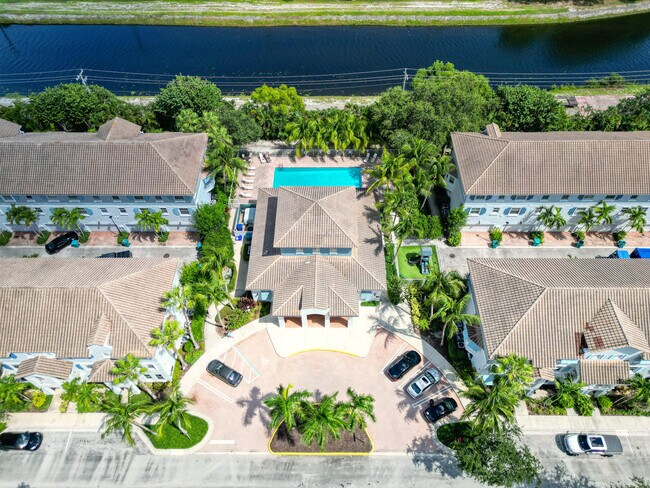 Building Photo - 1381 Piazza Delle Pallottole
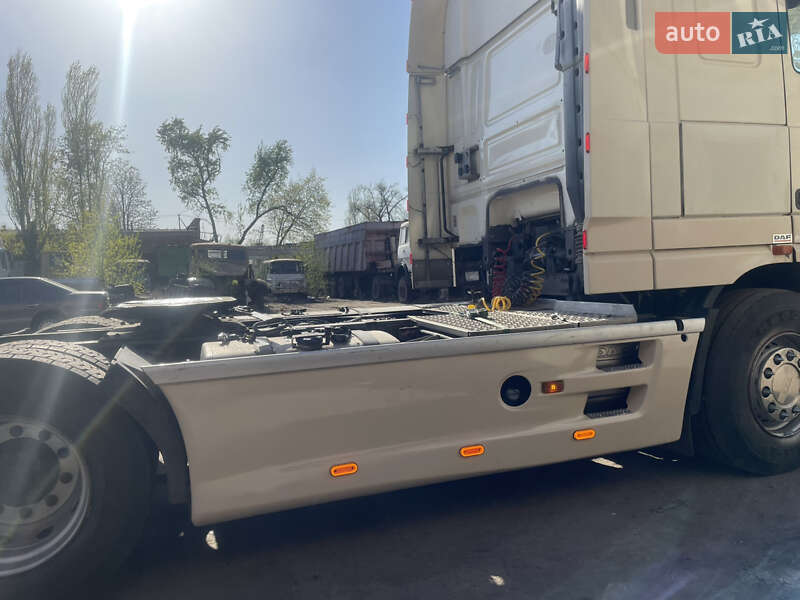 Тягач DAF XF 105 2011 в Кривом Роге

* * *

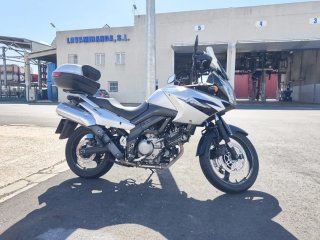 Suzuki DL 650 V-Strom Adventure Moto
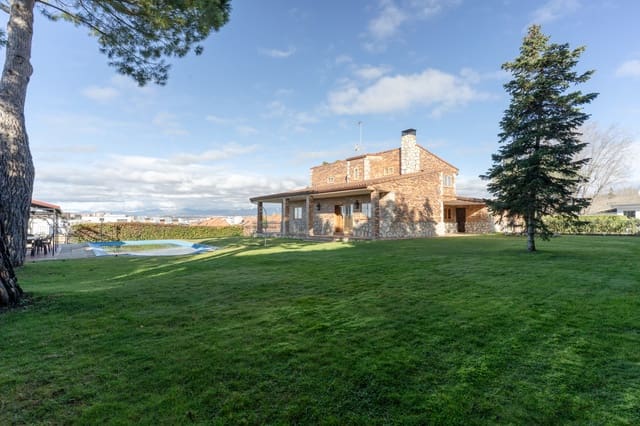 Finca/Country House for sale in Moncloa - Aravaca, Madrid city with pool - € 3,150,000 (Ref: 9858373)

**WHAT YOU WILL DO**
Taking the records above, print only and exactly the lines from the line with "Building Photo - 1381" to the line with "Тягач DAF XF 105 2011 в Кривом Роге", both kept, and exclude pictures.

**EXERCISE SOLUTION**
 Building Photo - 1381 Piazza Delle Pallottole
 Тягач DAF XF 105 2011 в Кривом Роге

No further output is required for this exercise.